IARCS Verification Seminar Series


Title: Automatic BlackBox Equivalence Checking

Speaker: Sorav Bansal    (bio) (bio)


Sorav Bansal is an Associate Professor and Microsoft Chair Professor at the CS department at IIT Delhi, and works in the areas of programming languages and operating systems. His primary research interests involve investigating superoptimization-based compiler design. His research papers have appeared at PLDI, ASPLOS, SOSP, OSDI, OOPSLA, SAT, etc. Sorav obtained his B.Tech. from IIT Delhi, and Ph.D. from Stanford University.

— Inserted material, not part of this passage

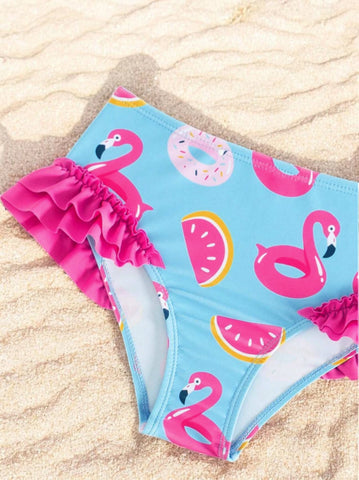 2 Pc Girls Pink Flamingo Ruffle Detail Swimsuit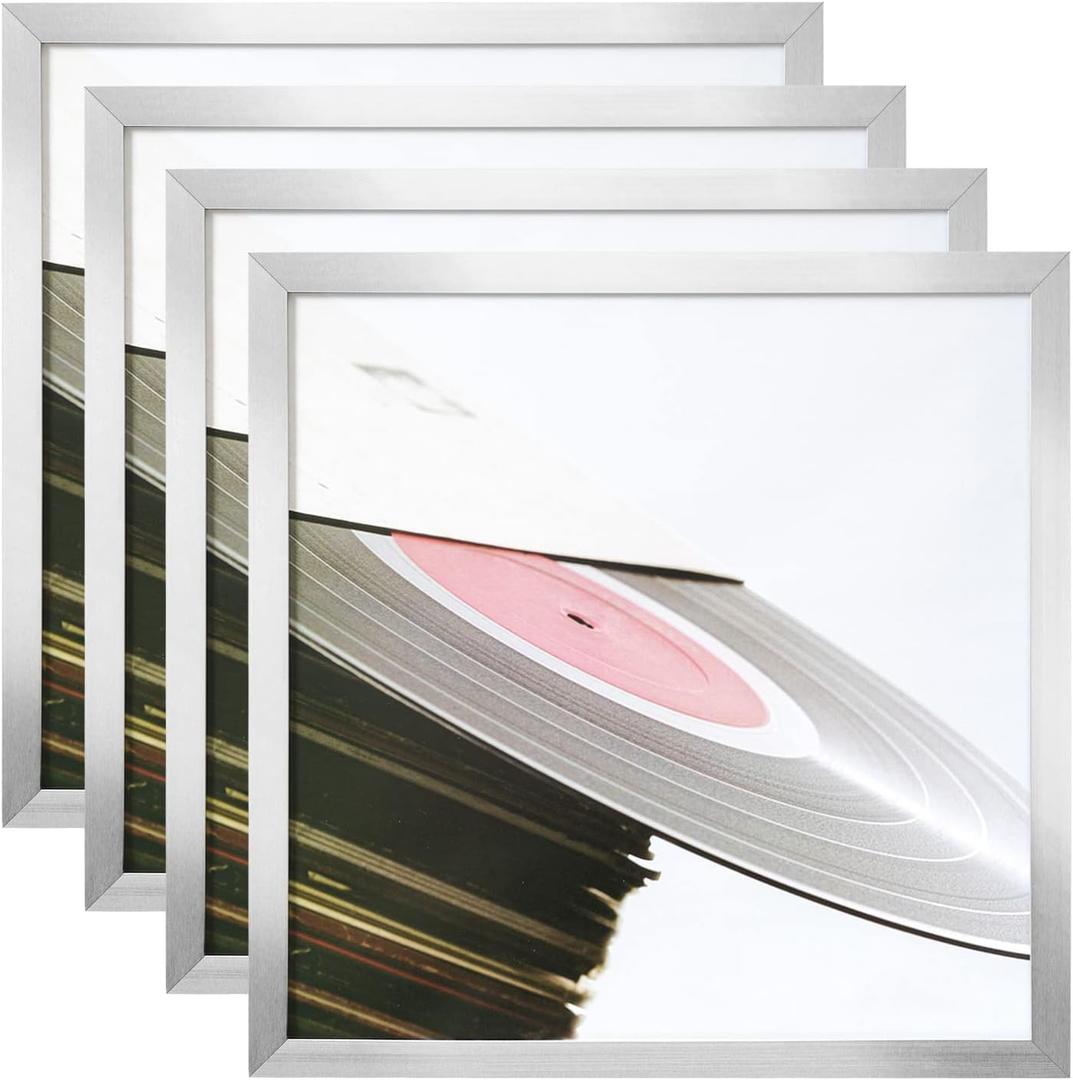eletecpro 12.5x12.5 Record Frames, Silver, Sturdy and Lightweight PVC Album Frame Made to Display Vinyl Records, Home Decor LP Record Frame for Wall Easy to Hang Suit to 12x12 LP Covers, Set of 4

When: Tuesday, 07 September 2021 at 1900 hrs (IST)Slides  

Abstract:
Several important verification problems can be cast as equivalence checking problems. A large number of these equivalence proofs can be completed through bisimulation relation constructions. I will present our recently proposed algorithm, called Counter, to automatically compute equivalence (bisimulation) proofs across two programs, potentially written in different syntaxes, without prior knowledge of the exact differences between the two programs (blackbox). Counter has been successfully used to validate translations of C programs to highly optimized x86 assembly generated through modern compilers. Counter has also been used to verify C library implementations. Through our experiments, we have automatically generated proofs across complex compiler transformations and found several bugs in popular open source programs and general-purpose compilers. I will also briefly discuss the subtleties of checking equivalence for LLVM programs. Finally I will outline our recent efforts at automatic verification of C programs through the Counter algorithm.

This talk will be based on work published at APLAS 2017, HVC 2017, SAT 2018, PLDI 2020, and OOPSLA 2020. It will also include some of our ongoing work.